• Short descriptive text snippets:
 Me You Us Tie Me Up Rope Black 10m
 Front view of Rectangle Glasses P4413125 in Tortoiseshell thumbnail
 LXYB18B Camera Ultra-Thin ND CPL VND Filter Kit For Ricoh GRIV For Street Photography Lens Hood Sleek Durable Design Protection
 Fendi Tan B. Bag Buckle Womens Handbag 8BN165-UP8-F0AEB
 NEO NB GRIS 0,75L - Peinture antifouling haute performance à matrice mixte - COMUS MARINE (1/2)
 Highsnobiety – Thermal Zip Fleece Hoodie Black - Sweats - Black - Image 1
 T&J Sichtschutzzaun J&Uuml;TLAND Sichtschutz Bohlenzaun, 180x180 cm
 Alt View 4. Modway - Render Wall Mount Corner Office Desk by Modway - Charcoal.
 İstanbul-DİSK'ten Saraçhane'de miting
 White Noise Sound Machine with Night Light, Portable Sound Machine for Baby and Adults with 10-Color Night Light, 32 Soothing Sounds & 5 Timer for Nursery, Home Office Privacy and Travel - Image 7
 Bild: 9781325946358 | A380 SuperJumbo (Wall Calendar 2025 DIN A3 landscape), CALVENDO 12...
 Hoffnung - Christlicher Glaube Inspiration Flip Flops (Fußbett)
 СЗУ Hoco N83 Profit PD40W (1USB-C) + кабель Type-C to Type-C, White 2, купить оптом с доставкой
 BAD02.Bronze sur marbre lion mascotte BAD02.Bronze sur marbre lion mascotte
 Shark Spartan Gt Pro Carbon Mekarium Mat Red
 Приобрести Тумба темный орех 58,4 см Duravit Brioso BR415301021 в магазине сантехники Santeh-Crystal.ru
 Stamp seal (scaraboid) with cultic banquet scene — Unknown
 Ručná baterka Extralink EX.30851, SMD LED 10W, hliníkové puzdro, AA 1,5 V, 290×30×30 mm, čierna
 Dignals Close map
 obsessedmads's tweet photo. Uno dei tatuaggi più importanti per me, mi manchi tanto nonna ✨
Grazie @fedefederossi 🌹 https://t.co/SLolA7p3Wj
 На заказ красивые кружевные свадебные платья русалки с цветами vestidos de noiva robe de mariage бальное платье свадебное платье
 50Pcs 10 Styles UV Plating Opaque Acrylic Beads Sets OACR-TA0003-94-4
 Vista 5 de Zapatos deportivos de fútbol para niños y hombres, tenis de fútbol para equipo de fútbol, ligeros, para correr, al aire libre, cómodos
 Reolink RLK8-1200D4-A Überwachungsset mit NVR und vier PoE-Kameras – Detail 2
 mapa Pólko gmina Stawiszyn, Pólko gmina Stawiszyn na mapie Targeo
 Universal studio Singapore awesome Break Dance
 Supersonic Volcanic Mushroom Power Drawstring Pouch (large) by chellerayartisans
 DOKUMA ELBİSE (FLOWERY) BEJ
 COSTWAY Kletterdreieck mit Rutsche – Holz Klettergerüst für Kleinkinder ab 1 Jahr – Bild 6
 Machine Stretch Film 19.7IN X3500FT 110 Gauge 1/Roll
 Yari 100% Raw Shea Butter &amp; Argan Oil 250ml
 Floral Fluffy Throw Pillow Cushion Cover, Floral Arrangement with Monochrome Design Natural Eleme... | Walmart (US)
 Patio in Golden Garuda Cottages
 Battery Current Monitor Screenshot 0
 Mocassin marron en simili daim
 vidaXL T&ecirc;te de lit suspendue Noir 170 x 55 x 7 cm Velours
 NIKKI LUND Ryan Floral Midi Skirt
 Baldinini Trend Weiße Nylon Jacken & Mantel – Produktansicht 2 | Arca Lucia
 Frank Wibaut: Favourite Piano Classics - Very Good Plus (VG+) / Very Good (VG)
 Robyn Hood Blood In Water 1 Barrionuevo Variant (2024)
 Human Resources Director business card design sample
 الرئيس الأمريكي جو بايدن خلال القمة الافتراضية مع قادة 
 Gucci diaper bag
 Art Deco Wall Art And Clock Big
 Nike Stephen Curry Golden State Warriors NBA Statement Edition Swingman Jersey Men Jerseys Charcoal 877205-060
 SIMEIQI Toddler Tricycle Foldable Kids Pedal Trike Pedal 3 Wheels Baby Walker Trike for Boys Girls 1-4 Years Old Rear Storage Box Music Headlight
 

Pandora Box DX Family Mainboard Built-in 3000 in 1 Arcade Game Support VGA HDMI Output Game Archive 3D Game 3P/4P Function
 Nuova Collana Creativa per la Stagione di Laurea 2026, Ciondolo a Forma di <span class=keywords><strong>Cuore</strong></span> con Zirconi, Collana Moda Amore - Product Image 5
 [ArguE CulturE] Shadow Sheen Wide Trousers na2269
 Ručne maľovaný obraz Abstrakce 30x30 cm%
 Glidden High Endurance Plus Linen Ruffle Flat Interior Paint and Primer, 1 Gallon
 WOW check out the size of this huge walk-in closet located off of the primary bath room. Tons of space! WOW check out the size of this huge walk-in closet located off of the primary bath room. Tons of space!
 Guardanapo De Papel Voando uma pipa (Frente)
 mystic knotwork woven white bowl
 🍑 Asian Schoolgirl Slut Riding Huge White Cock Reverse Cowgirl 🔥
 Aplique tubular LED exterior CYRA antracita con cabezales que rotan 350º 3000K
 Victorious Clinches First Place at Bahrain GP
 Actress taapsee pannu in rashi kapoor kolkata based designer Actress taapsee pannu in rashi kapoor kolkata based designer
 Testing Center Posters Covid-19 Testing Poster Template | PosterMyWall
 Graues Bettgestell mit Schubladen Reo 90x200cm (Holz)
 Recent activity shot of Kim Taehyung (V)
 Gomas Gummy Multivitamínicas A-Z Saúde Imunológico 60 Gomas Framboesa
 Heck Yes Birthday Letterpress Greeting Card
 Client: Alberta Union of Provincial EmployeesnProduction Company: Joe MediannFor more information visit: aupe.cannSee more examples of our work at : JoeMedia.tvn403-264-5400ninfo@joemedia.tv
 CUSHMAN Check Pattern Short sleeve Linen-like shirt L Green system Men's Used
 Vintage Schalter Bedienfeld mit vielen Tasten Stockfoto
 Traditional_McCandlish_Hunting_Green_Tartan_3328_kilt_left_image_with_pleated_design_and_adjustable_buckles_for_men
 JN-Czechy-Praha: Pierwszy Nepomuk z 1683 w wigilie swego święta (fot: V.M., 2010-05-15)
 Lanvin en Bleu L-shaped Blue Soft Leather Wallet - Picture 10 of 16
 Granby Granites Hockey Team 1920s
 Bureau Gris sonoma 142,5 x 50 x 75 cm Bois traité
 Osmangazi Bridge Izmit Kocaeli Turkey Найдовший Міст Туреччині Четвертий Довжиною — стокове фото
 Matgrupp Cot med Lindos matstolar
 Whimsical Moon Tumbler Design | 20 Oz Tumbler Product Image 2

• How to complete this task: Starting at the line that has "Mocassin marron en simili daim" in the records above, restate word for word every line until the one that has "Glidden High Endurance", and include that one as well.

• Reply to the exercise:
 Mocassin marron en simili daim
 vidaXL T&ecirc;te de lit suspendue Noir 170 x 55 x 7 cm Velours
 NIKKI LUND Ryan Floral Midi Skirt
 Baldinini Trend Weiße Nylon Jacken & Mantel – Produktansicht 2 | Arca Lucia
 Frank Wibaut: Favourite Piano Classics - Very Good Plus (VG+) / Very Good (VG)
 Robyn Hood Blood In Water 1 Barrionuevo Variant (2024)
 Human Resources Director business card design sample
 الرئيس الأمريكي جو بايدن خلال القمة الافتراضية مع قادة 
 Gucci diaper bag
 Art Deco Wall Art And Clock Big
 Nike Stephen Curry Golden State Warriors NBA Statement Edition Swingman Jersey Men Jerseys Charcoal 877205-060
 SIMEIQI Toddler Tricycle Foldable Kids Pedal Trike Pedal 3 Wheels Baby Walker Trike for Boys Girls 1-4 Years Old Rear Storage Box Music Headlight
 

Pandora Box DX Family Mainboard Built-in 3000 in 1 Arcade Game Support VGA HDMI Output Game Archive 3D Game 3P/4P Function
 Nuova Collana Creativa per la Stagione di Laurea 2026, Ciondolo a Forma di <span class=keywords><strong>Cuore</strong></span> con Zirconi, Collana Moda Amore - Product Image 5
 [ArguE CulturE] Shadow Sheen Wide Trousers na2269
 Ručne maľovaný obraz Abstrakce 30x30 cm%
 Glidden High Endurance Plus Linen Ruffle Flat Interior Paint and Primer, 1 Gallon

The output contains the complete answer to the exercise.